• ASSIGNMENT
This task calls for the lines below starting at the one containing "Handcrafted blue cabinet" and ending at the one containing "CENTRAL 23 Romantic", repeated exactly with both ends kept and pictures left out.

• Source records
■ ■ ■ ■ ■

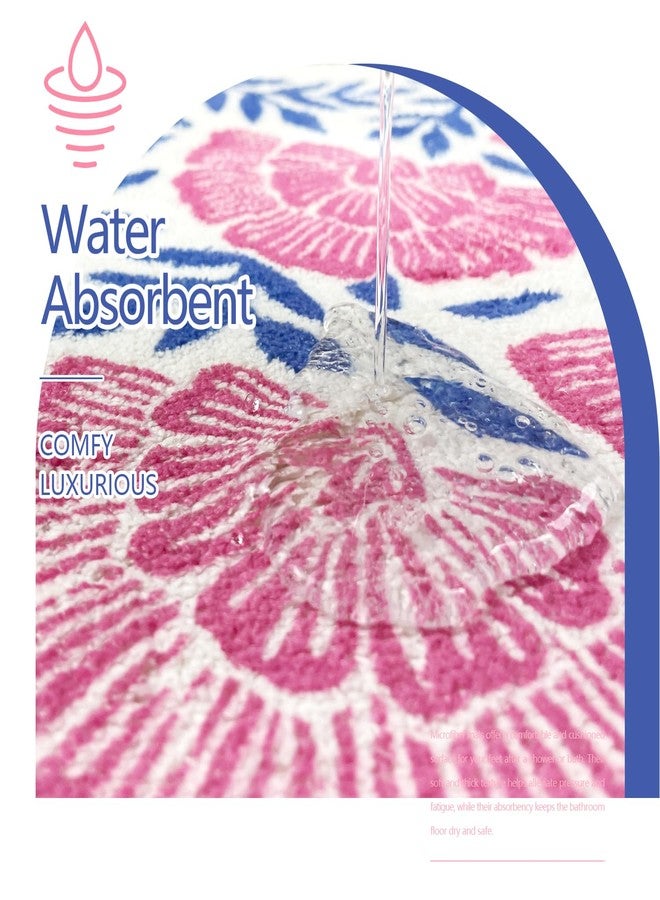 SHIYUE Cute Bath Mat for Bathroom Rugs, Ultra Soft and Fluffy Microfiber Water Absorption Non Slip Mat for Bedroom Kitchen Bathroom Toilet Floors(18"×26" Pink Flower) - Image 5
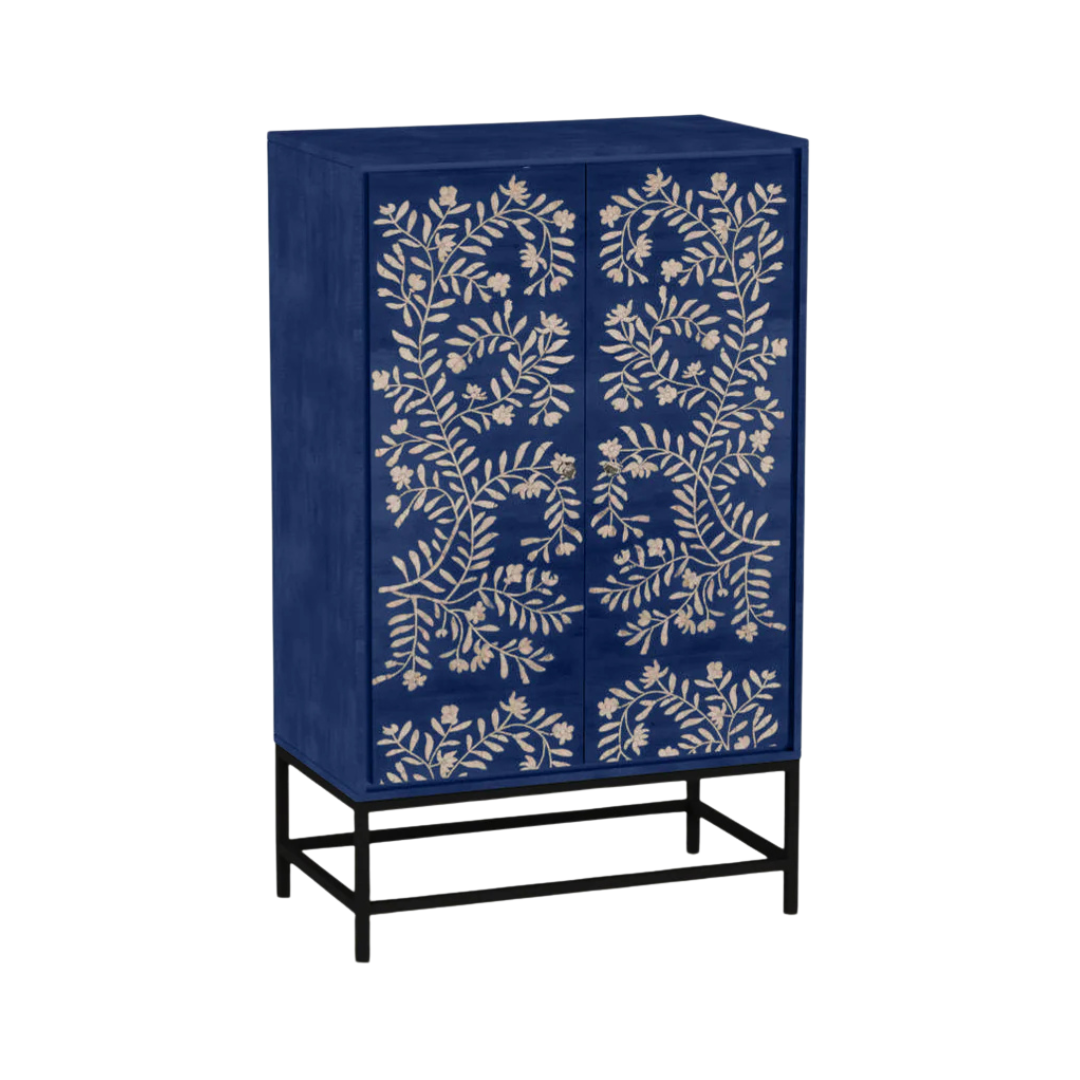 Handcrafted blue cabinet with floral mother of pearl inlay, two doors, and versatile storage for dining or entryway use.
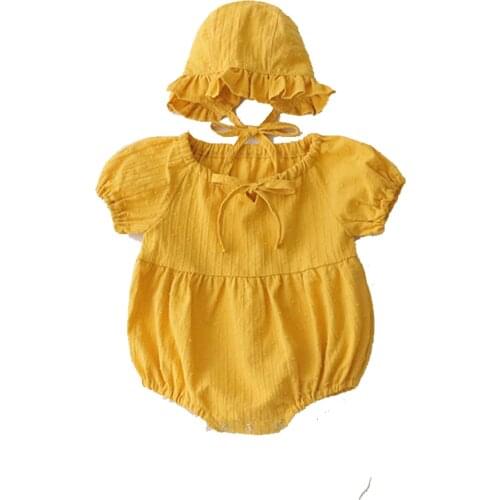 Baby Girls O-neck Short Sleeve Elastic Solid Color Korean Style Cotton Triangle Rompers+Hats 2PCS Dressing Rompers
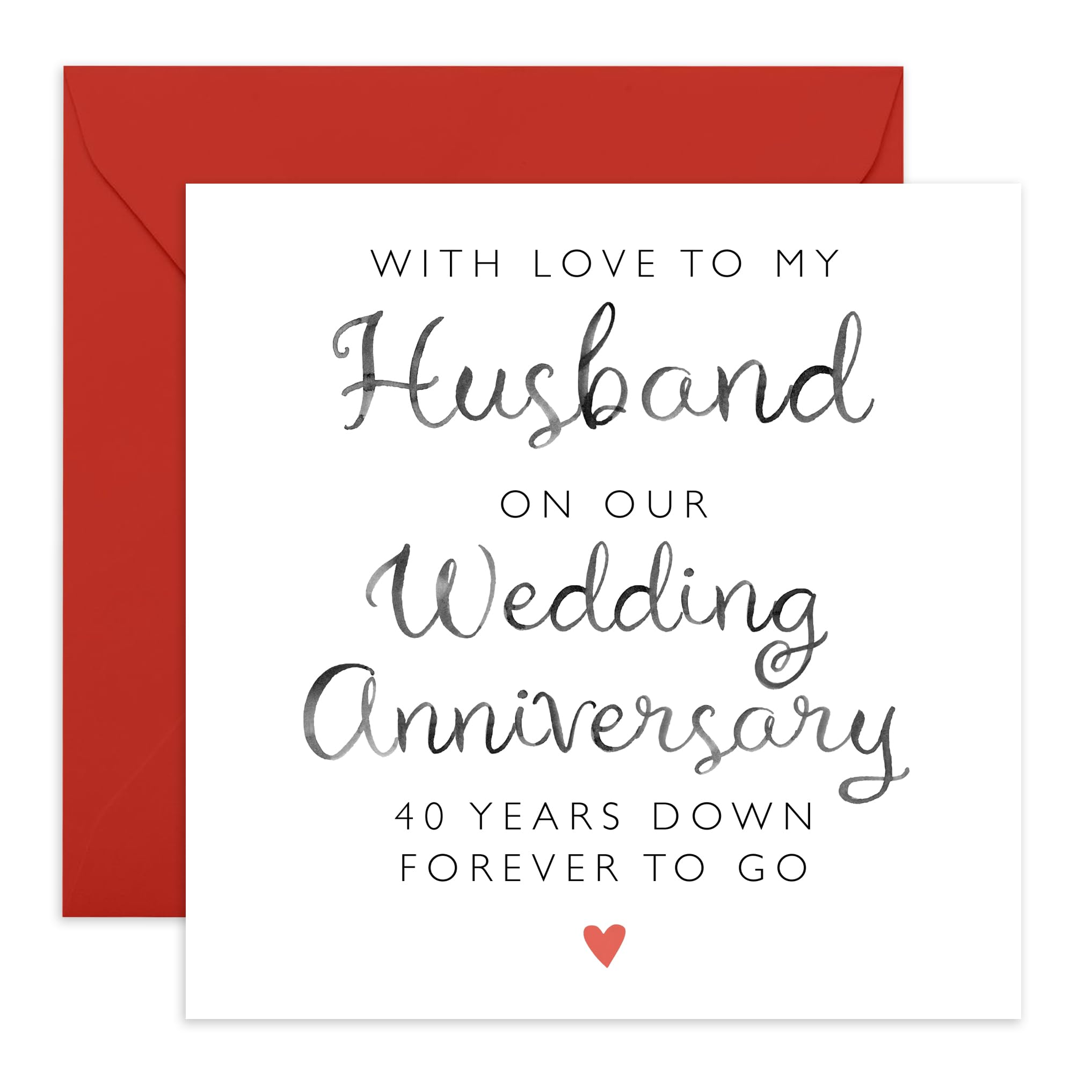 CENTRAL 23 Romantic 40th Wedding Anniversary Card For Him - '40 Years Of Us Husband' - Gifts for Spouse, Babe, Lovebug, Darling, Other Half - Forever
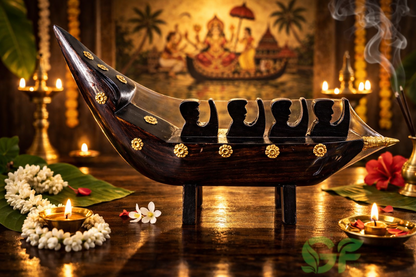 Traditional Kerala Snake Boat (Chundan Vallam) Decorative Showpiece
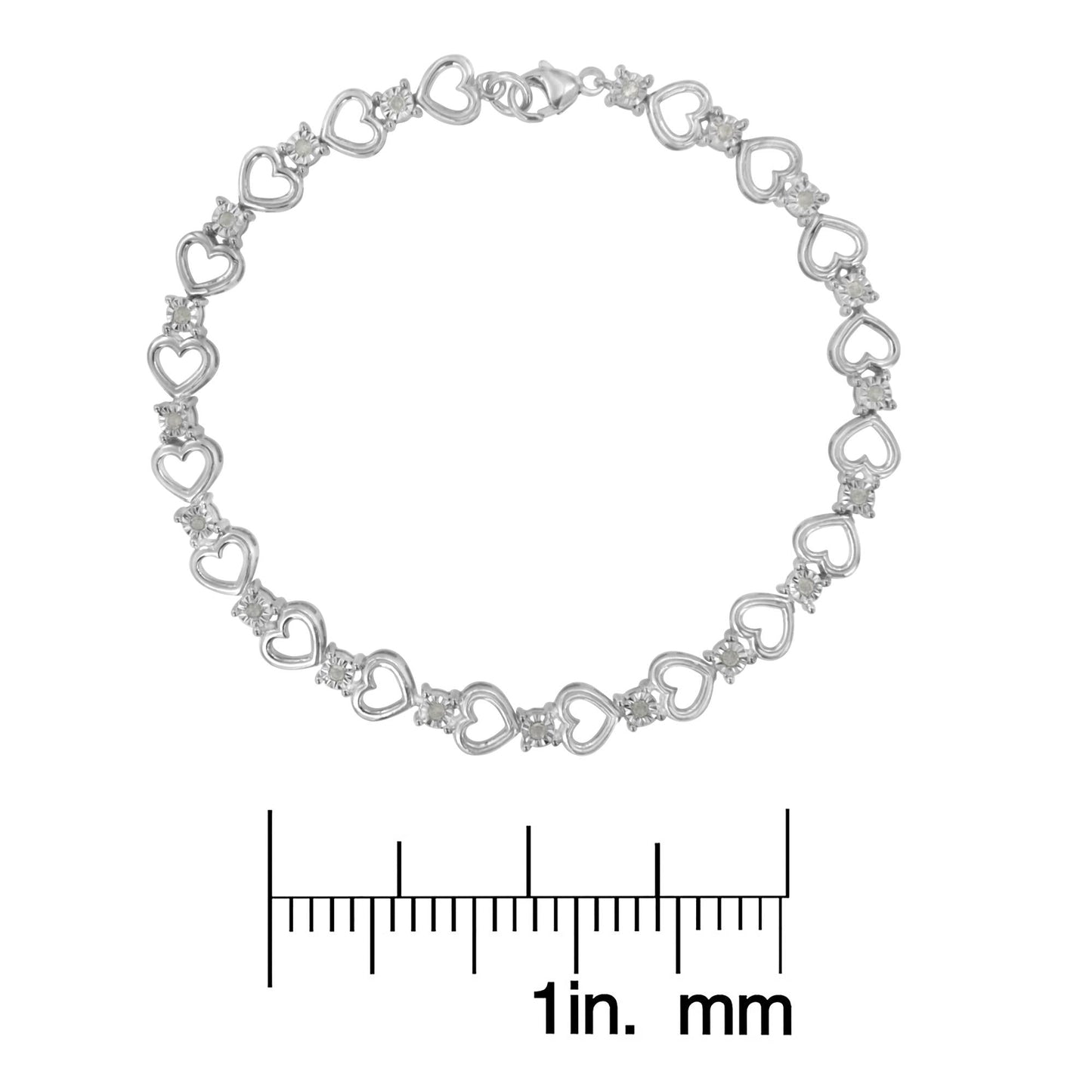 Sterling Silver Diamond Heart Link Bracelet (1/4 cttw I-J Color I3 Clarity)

■ ■ ■ ■ ■

• SOLUTION TO THIS TASK
 Handcrafted blue cabinet with floral mother of pearl inlay, two doors, and versatile storage for dining or entryway use.
 Baby Girls O-neck Short Sleeve Elastic Solid Color Korean Style Cotton Triangle Rompers+Hats 2PCS Dressing Rompers
 CENTRAL 23 Romantic 40th Wedding Anniversary Card For Him - '40 Years Of Us Husband' - Gifts for Spouse, Babe, Lovebug, Darling, Other Half - Forever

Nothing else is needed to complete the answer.